## SOURCE MATERIAL
-- Opening Marker --

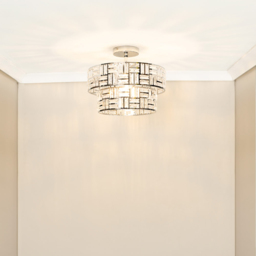 ValueLights Elise 2 Tier Silver Acrylic Jewel LED Ceiling Light - Wilko - thumbnail 3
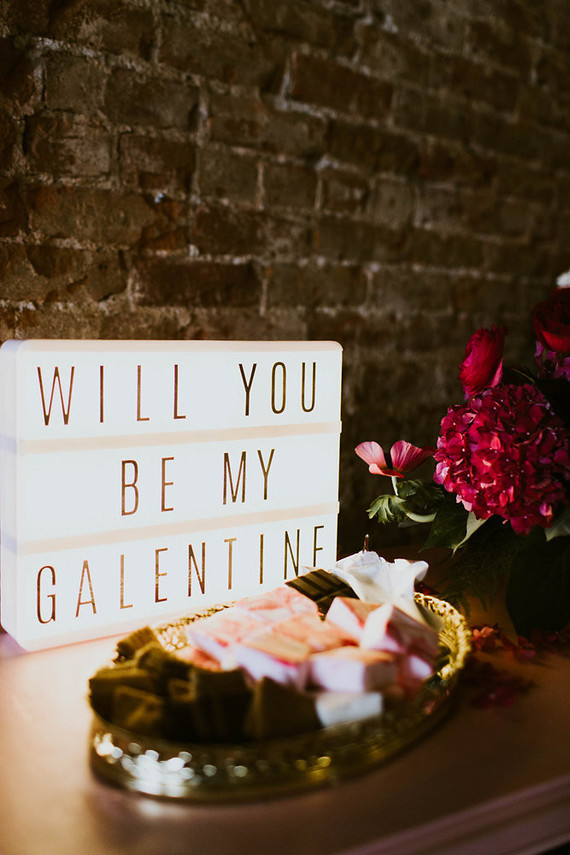 Galentine's Day signage
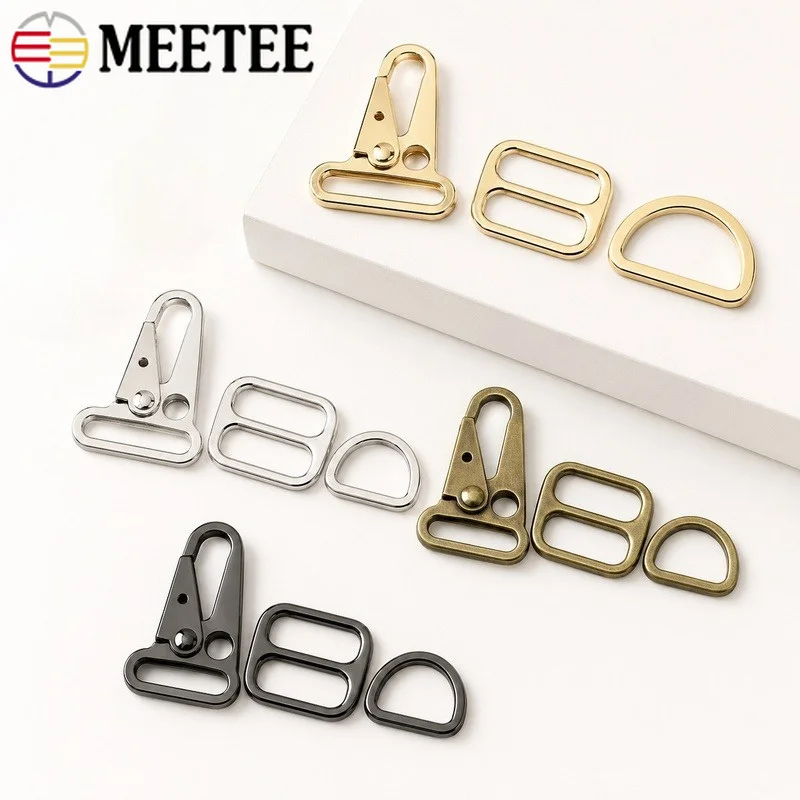 5Sets 25-38mm Metal Bag Strap Buckles Snap Hook D Ring Connector Clasp Webbing Tri Glide Slider Hardware Accessories DIY Kit
5Sets 25-38mm Metal Bag Strap Buckles Snap Hook D Ring Connector Clasp Webbing Tri Glide Slider Hardware Accessories DIY Kit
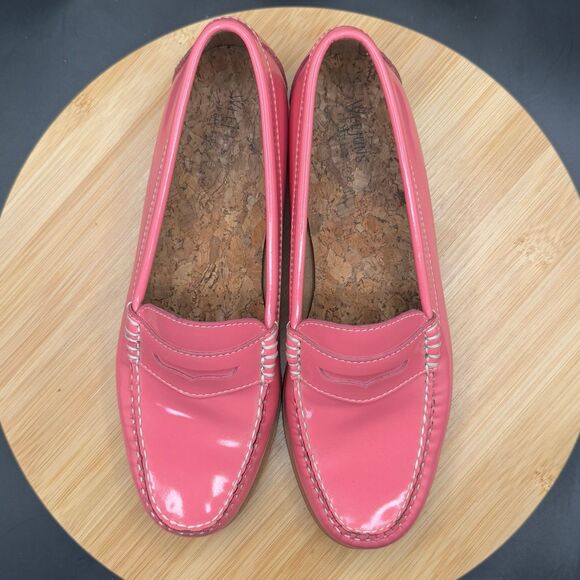 G H Bass & Co. Weejuns Bass Diane Pink Leather Loafers Women’s Sz 8 Preppy - Picture 9 of 12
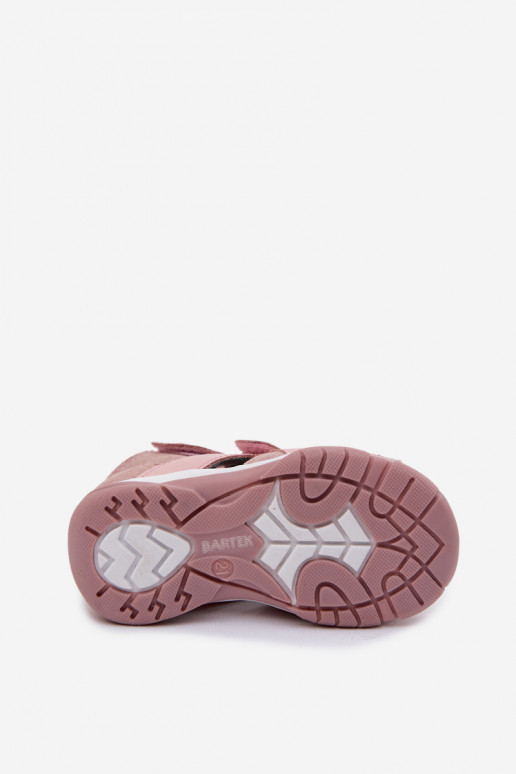 Sandales pour femmes pour les enfants avec éclat Bartek 84405-85 couleur rose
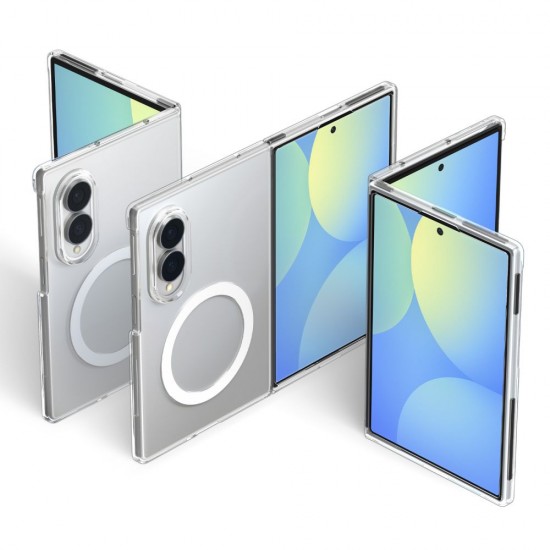 Spigen AirSkin MagFit MagSafe Case for Samsung Galaxy Z Fold 8 - Clear and White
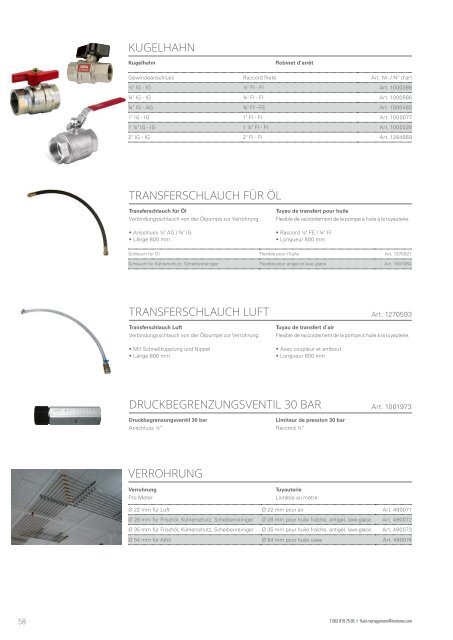 FLUID MANAGEMENT Katalog DE & FR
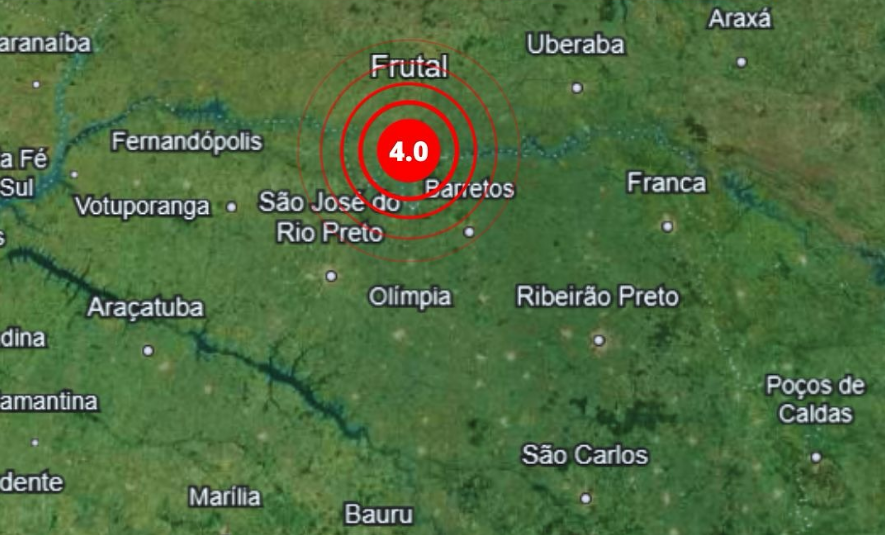 VÍDEO: Frutal, no interior de Minas Gerais, registra dois tremores de terra em menos de 11 minutos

-- Closing Marker --

## TASK DESCRIPTION
Give back word for word the lines from the one containing "Galentine's Day signage" through the final line of the data above. Pictures are to be left out.

## ANSWER SECTION
 Galentine's Day signage
 5Sets 25-38mm Metal Bag Strap Buckles Snap Hook D Ring Connector Clasp Webbing Tri Glide Slider Hardware Accessories DIY Kit
5Sets 25-38mm Metal Bag Strap Buckles Snap Hook D Ring Connector Clasp Webbing Tri Glide Slider Hardware Accessories DIY Kit
 G H Bass & Co. Weejuns Bass Diane Pink Leather Loafers Women’s Sz 8 Preppy - Picture 9 of 12
 Sandales pour femmes pour les enfants avec éclat Bartek 84405-85 couleur rose
 Spigen AirSkin MagFit MagSafe Case for Samsung Galaxy Z Fold 8 - Clear and White
 FLUID MANAGEMENT Katalog DE & FR
 VÍDEO: Frutal, no interior de Minas Gerais, registra dois tremores de terra em menos de 11 minutos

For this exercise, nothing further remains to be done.